Generative AI is expected to power more applications in the coming decade, with models like ChatGPT, DALL-E, GitHub Copilot, and Stable Diffusion already demonstrating their capabilities in creating images, answering complex questions, creating websites, and making programming accessible to everyone. Data centers play a crucial role in providing the necessary infrastructure for running generative AI, requiring high-density power, modular architecture, high-bandwidth connectivity, and advanced cooling.
The main challenge in supporting generative AI is the significant surge in power loads. These models use graphics processing unit (GPU) chips, which consume 10-15 times more energy than traditional CPUs. Many models have billions of parameters and require efficient data pipelines during their training phase, which can take months to complete. For example, ChatGPT 3.5 has 175 billion parameters and was trained on over 500 billion words of text, requiring 300-500 MW of power. This is a substantial increase compared to the typical power requirements of a data center, which range from 30-50 MW.
Forecasting the future power requirements of generative AI is challenging, but it is expected to significantly increase current demands. Analysts predict that global data center capacity could double in five years and quadruple in 10 years, with a potential 25% compound annual growth rate (CAGR) if generative AI is included. This rapid growth in power demands will coincide with the need to address the climate crisis and transition to low-to-no-carbon power sources, such as renewables, microgrids, batteries, hydrogen, and nuclear power.
Another challenge posed by generative AI is the increase in e-waste. The constant innovation in AI chips and GPUs will lead to the disposal of older equipment, contributing to the already growing e-waste stream. Proper recycling and remarketing of these components will be essential to ensure efficient performance and minimize environmental impact. Although the industry has been slow to integrate sustainable practices, the uptake of IT asset lifecycle optimization, recycling, remarketing, and secure disposal is expected to accelerate.

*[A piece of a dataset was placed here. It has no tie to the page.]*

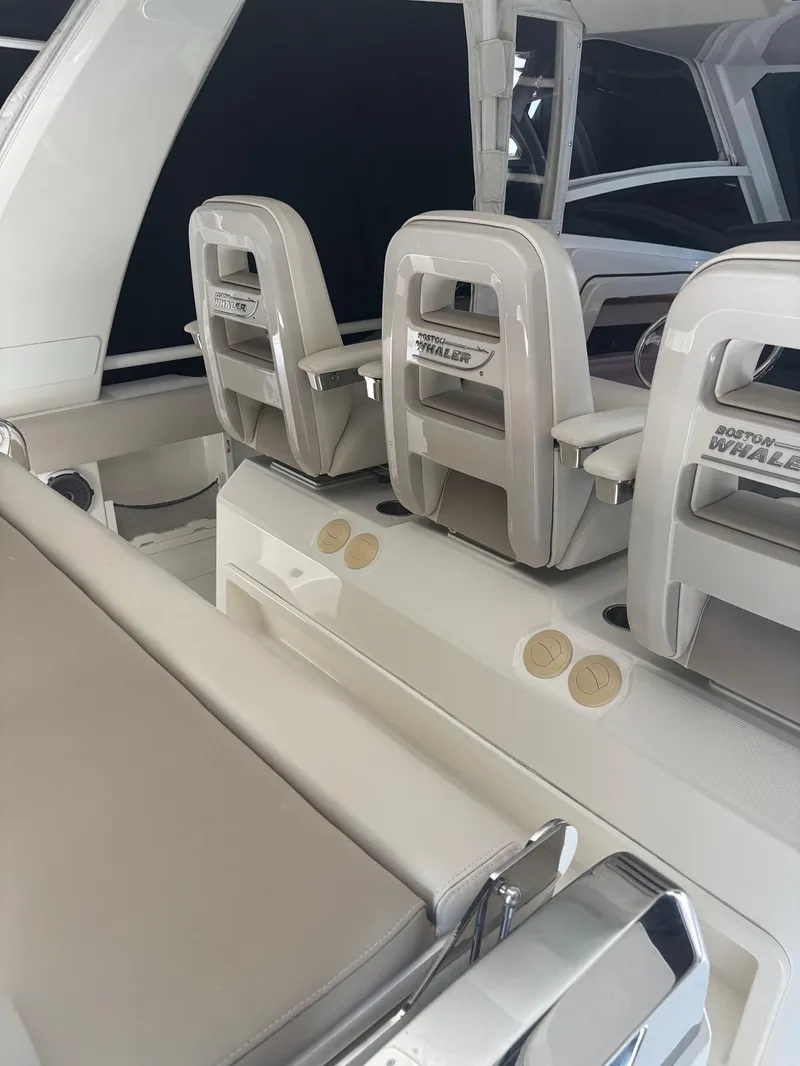 Slide: The Image of 2017 Boston Whaler 420 Outrage interior with sleek seating and modern design. - 20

In conclusion, the success of generative AI has highlighted the need for robust IT infrastructure to support its growth. The challenges of increased power demands and e-waste must be addressed through the use of low-to-no-carbon power sources and effective recycling and remarketing practices. The generative AI revolution will not only transform the industries that utilize its applications but also revolutionize the infrastructure industry that supports it.